One that drew a notable response from District 5 Councilwoman Teri Castillo was the cost of housing.  This issue provides a good example of how actions of the federal government trickle down and leave collateral damage in our neighborhoods.

Housing is a basic good, susceptible to normal market fluctuations just like any other.  When government intervenes though, things get a little more volatile. 

Out in California, regulations are stifling the addition of more.  Rent controls do the same.  The overarching problem in every state for the last several years however, has been unstable monetary policy coming out of Washington D.C.

Since the dollar has been devalued, it has simply taken more to buy stuff.  Plus, it has compelled more investors to enter the housing market.  It’s a safer, less risky investment than an untested invention, or new product line. 

This arguably explains the widening discrepancy between price growth and that of population

This appreciation leaves homeowners with the illusion of greater wealth.  When they look to ‘cash in’, they find that the market around them as moved up as well.  Further burdened by rising interest rates, they hunker down, and the market for new homebuyers tightens. 

This creates an opportunity for local officials to try to fix things.   

When some of the residents complained about homes being turned into “quadplexes” (essentially makeshift apartments), Councilwoman Castillo was quick to point out the city’s “voter-approved investment in affordable housing” that can be found going up all over town.

One of these developments is going up on the far west side.  Another is raising a stink on the far north side.  Residents there complain of inevitable overcrowding in schools, increased traffic, etc.

There is also a perception that more criminal activity is likely to follow. 

Even people who live in the more impoverished parts of town know they aren’t very safe areas.  Many are anxious to get out.  But they felt trapped, just like everyone else.  Or almost everyone.
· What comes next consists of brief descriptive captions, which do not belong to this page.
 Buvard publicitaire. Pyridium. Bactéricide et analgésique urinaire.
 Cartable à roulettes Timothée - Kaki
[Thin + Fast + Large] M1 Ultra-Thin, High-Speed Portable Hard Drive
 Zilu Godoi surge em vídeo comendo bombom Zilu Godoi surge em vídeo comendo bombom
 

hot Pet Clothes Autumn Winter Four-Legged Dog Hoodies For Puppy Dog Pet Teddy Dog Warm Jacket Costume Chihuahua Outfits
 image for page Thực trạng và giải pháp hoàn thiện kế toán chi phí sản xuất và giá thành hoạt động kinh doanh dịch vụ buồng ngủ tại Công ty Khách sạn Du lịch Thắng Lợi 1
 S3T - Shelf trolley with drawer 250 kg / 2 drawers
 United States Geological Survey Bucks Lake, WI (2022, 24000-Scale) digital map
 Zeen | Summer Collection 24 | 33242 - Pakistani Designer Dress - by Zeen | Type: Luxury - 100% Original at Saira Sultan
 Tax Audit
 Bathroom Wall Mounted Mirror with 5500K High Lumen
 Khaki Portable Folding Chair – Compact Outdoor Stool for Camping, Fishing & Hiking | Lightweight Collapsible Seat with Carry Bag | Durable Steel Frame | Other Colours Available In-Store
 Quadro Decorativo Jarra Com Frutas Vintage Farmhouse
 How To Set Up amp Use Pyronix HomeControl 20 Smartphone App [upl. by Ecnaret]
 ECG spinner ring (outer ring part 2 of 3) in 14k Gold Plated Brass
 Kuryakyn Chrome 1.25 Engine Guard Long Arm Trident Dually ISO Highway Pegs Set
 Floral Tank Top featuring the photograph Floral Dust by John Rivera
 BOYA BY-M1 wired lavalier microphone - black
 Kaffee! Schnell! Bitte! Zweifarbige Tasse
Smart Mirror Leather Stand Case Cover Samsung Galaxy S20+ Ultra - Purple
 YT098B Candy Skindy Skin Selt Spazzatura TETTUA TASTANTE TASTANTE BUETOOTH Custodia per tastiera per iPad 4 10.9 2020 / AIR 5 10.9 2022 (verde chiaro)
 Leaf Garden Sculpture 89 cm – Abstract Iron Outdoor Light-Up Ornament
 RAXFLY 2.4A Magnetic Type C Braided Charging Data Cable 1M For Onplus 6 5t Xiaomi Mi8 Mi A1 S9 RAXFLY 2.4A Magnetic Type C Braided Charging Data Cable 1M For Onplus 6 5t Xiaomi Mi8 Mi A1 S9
Those with the means can and do leave the city’s tax jurisdiction.  Despite the county’s previously mentioned population growth, San Antonio’s population grew by only 26%.  This is important because property taxes finance these bond “investments”.   

That necessarily means the burden on the remaining homeowners intensifies.  The city begins to entertain the possibility of raising rates.  That in turn nudges the holdouts to join the exodus out of city limits, or to get on the long and growing waitlist for this “affordable housing.”

It’s a vicious cycle, and it looks like it might get worse before it gets better.

The Biden Administration has made it clear that Americans should expect the value of their dollar to drop further.  Advisers to former President Trump are discussing their own ways to devalue the currency should they retake the White House in November. 

Meanwhile, despite all this, their cohorts here at the grass roots are likely eligible for political promotion.

Councilwoman Castillo, endorsed by Bernie Sanders, who himself called on the Federal Reserve to lower interest rates earlier this year, could follow the path of former Austin city councilman Greg Casar into Congress.

While Mayor Ron Nirenberg, who spearheaded the drive for these “investments,” appears lately to have been groomed for a possible role in a second Biden Administration.  Residents and community leaders we talk to are already not pleased about being left with his plodding workforce program

For their part, local conservative officials haven’t been much help.

Falling in line with a growing number of their brethren in D.C., too frequently they have voted for higher property taxes.  Nevertheless, they are blessed for re-election by lawmakers stationed thousands of miles away.

In some areas of town, homes are renting for twice as much as they did barely a decade ago.  If landlords go too long without being able to find a tenant, investors will no doubt swoop in to buy. 

If they struggle, something like a quadplex doesn’t fly with the neighbors, and the market collapses under the weight of a growing glut of apartments, it’s not a stretch to guess what comes next.

Bankruptcy and/or government bailouts.  We all remember the fallout the last time that happened.